▶ Exercise requirements: Below are records with pictures. Transcribe exactly, and only, the lines from the line with "Куриную грудку отбиваю, заворачиваю" to the line with "پرچم متبرک حرم", both ends included, but not the pictures.

▶ Source records:
• • • • • • •

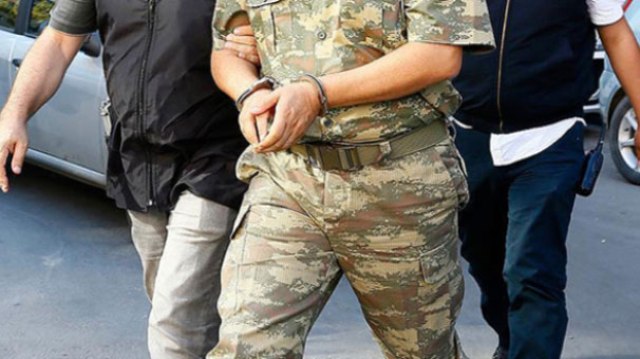 FETÖ'cü 2 askeri personel teslim oldu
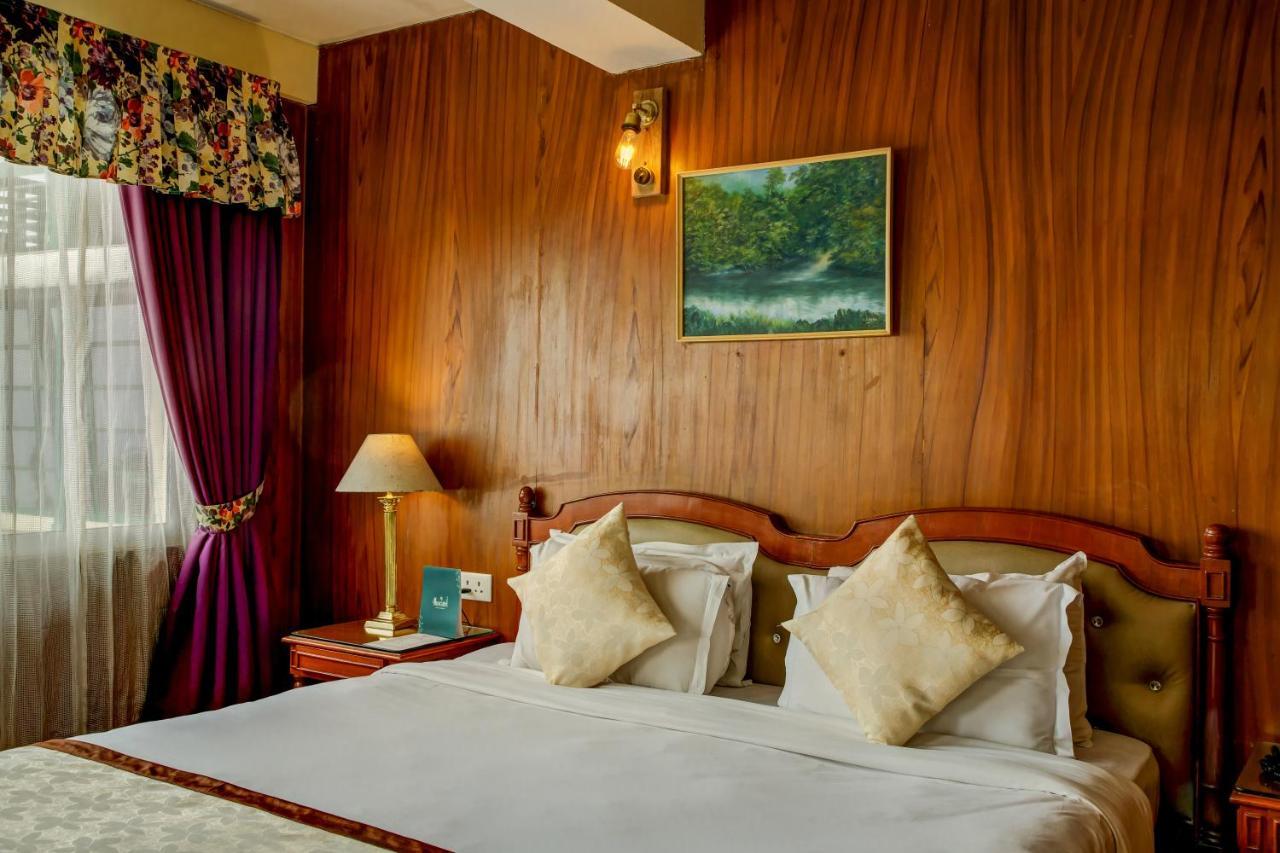 Muscatel Himalayan Resort - 400 Mts From Mall Road 大吉岭 外观 照片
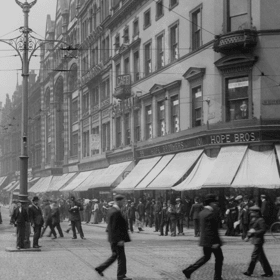 Whitechapel in Liverpool city centre is thought to have been originally known as Frog Lane, named after a colony of frogs who lived there. It later became known as Whitechapel, named so after a nearby chapel. This picture from circa 1900 shows Hope Brothers on the corner of Whitechapel. It is now the HSBC bank building.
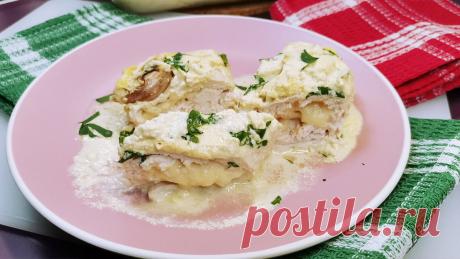 Куриную грудку отбиваю, заворачиваю и заливаю соусом. Грудка выходит нежная, почти как масло, а соусом поливаю гарнир | Розовый баклажан | Яндекс Дзен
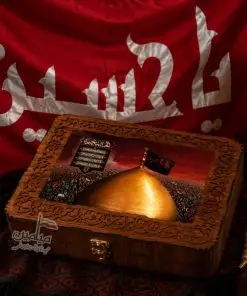 پرچم متبرک حرم امام حسین (ع) 🏴 | دارای باکس چوبی زیبا | رنگ قرمز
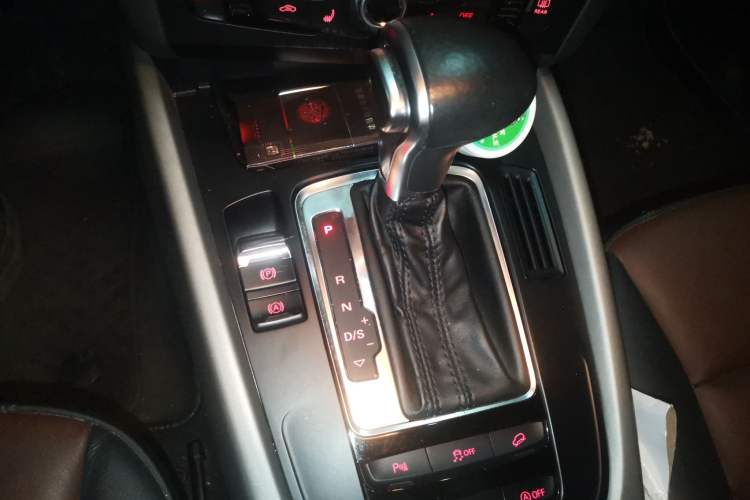 Used Audi Q5 2017 Plus 40 TFSI Ambition Model Gear Lever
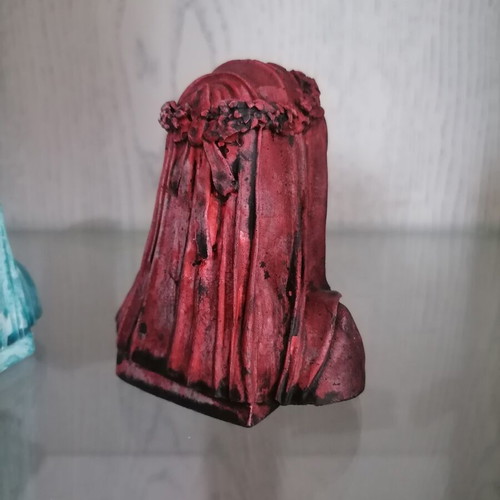 Sculptures set of 3 new, made of plaster and acrylics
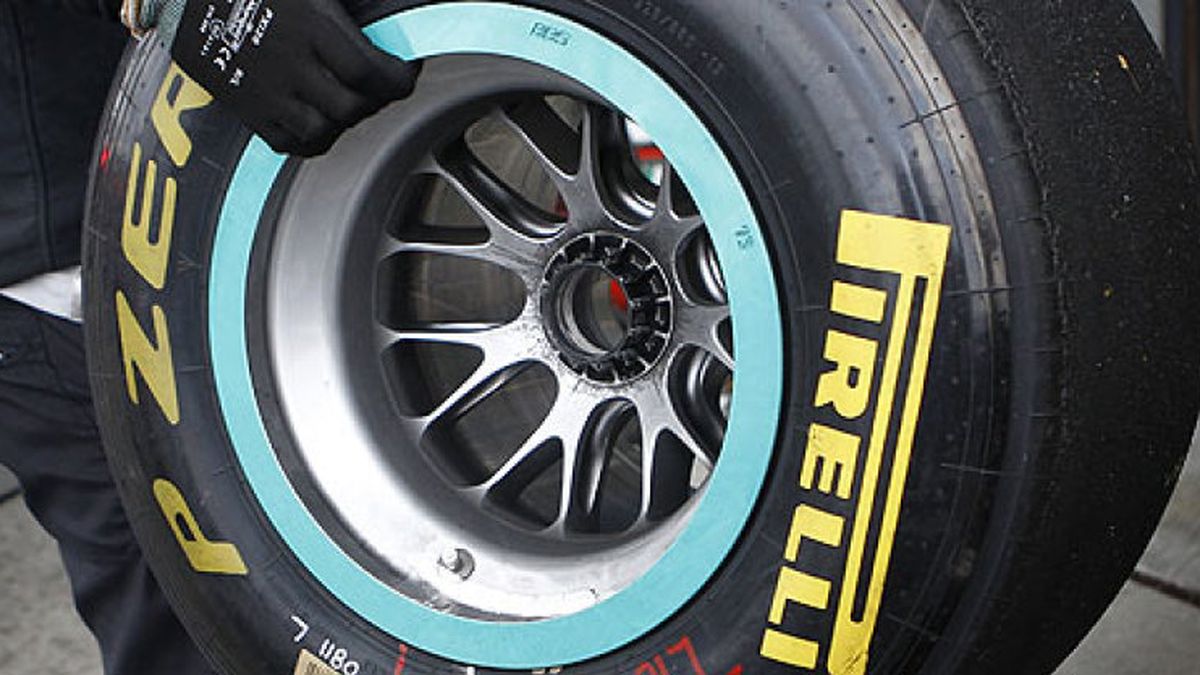 Mercedes y Pirelli se la 'cuelan' a la FIA y la sanción se queda en una reprimenda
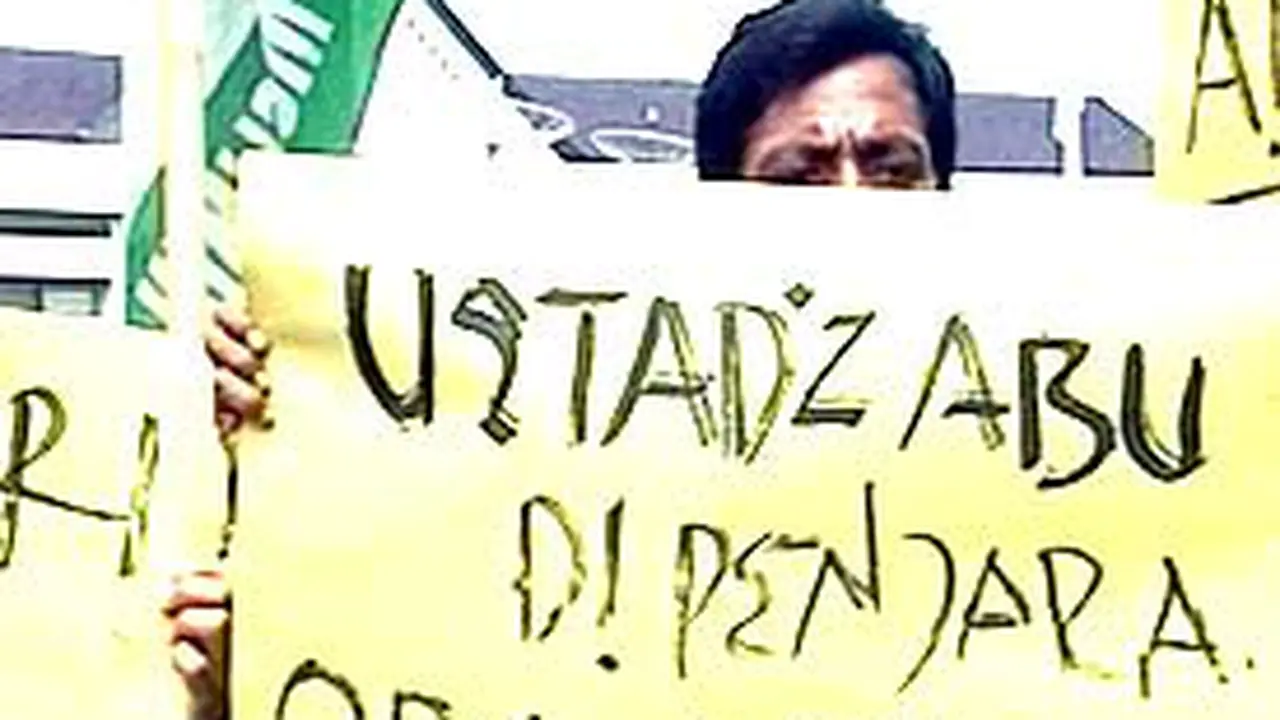051203dIndo60.jpg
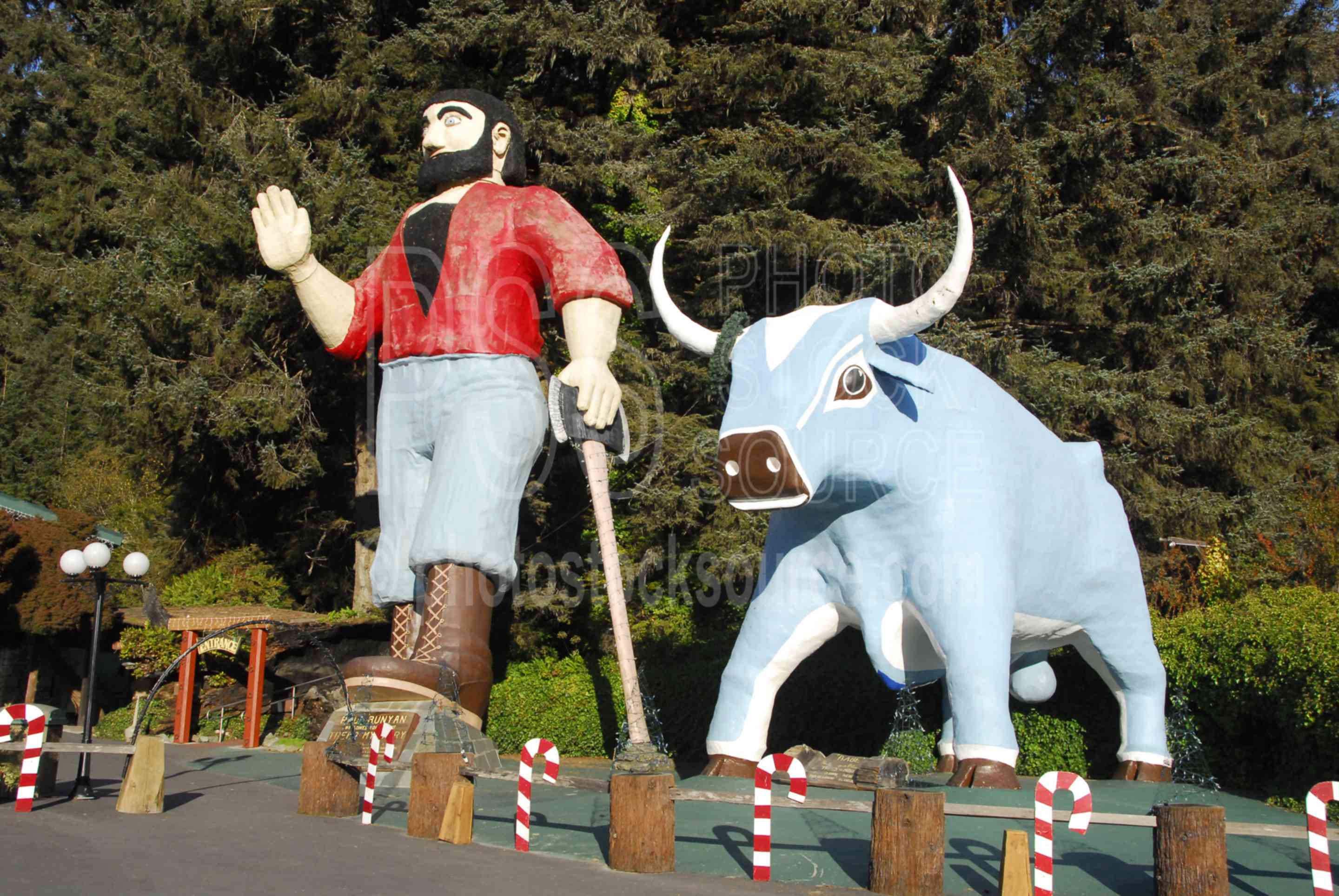Paul Bunyan and Babe,landmark,tourist trap,roadside attraction,paul bunyan,babe,babe the blue ox,statue,tourism,highway 101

• • • • • • •

▶ Completed exercise:
 Куриную грудку отбиваю, заворачиваю и заливаю соусом. Грудка выходит нежная, почти как масло, а соусом поливаю гарнир | Розовый баклажан | Яндекс Дзен
 پرچم متبرک حرم امام حسین (ع) 🏴 | دارای باکس چوبی زیبا | رنگ قرمز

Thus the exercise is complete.